ASSIGNED TASK:
Lines from the one with "深圳滅蟑螂公司介紹消滅蟑螂的關(guān)鍵" up to and including the one with "Stunning view of" are to be copied exactly from the records below, without their pictures.
(THE RECORDS Opens)
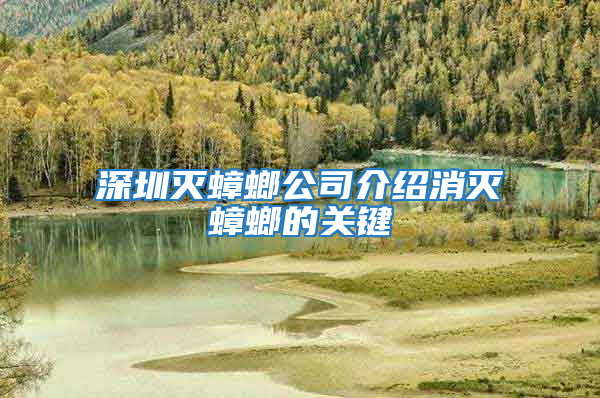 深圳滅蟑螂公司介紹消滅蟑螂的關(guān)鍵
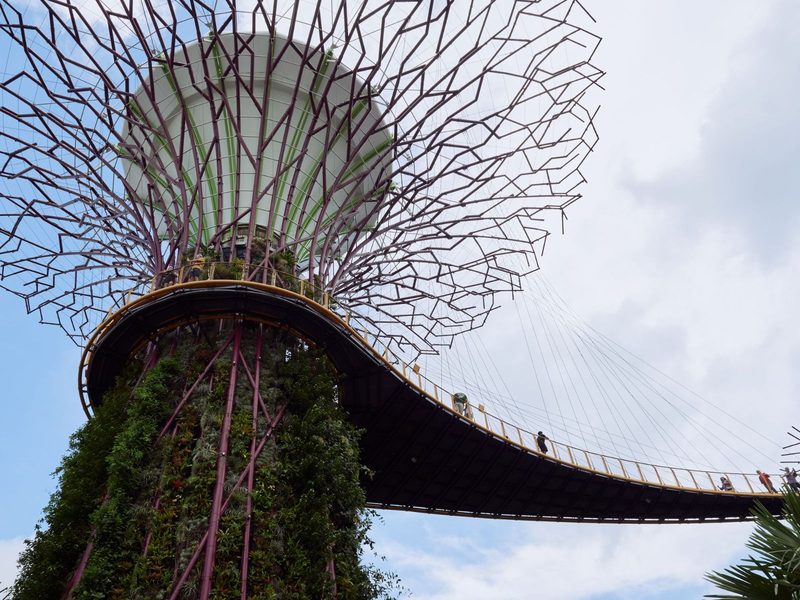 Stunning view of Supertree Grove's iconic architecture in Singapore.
(THE RECORDS Closes)
(THE RECORDS Opens)
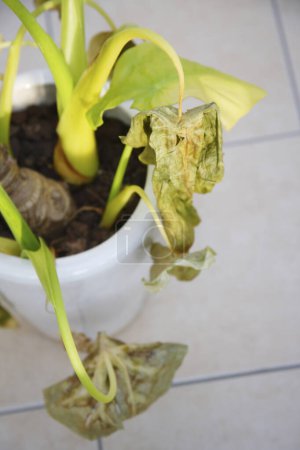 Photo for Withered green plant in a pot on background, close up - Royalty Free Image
(THE RECORDS Closes)
(THE RECORDS Opens)
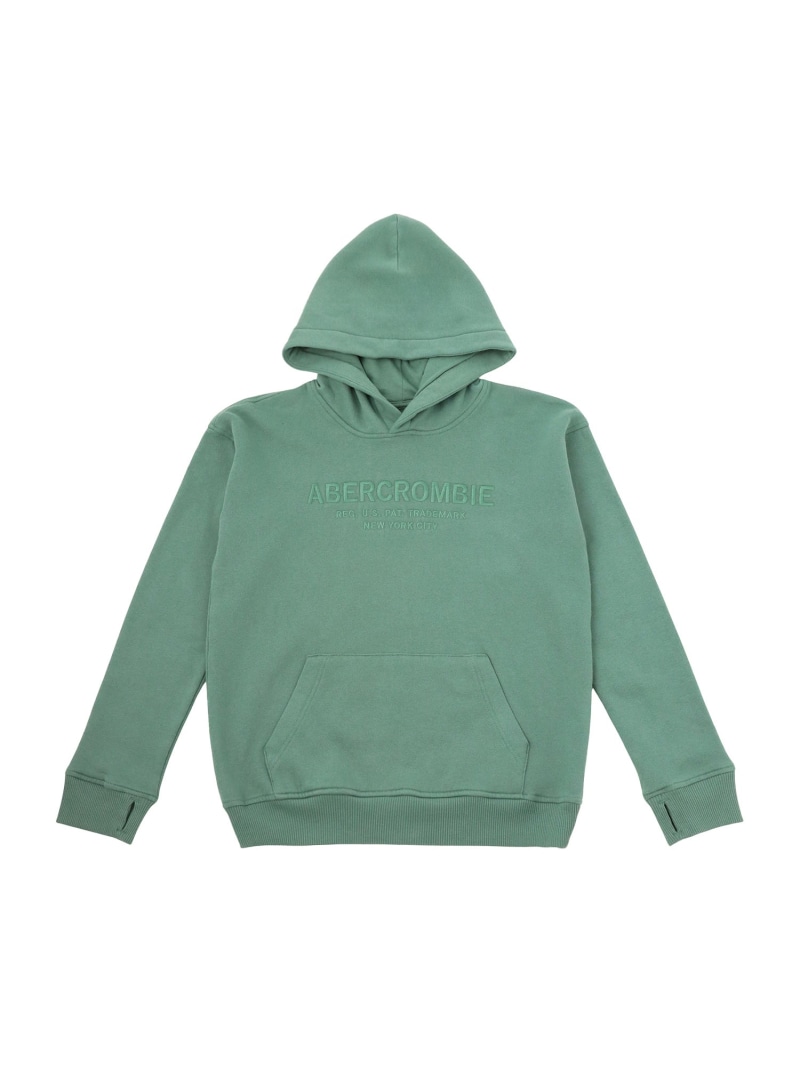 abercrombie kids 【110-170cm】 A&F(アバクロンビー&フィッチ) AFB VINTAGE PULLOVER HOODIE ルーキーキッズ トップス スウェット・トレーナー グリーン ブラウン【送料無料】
(THE RECORDS Closes)
RESPONSE TO THIS TASK:
 深圳滅蟑螂公司介紹消滅蟑螂的關(guān)鍵
 Stunning view of Supertree Grove's iconic architecture in Singapore.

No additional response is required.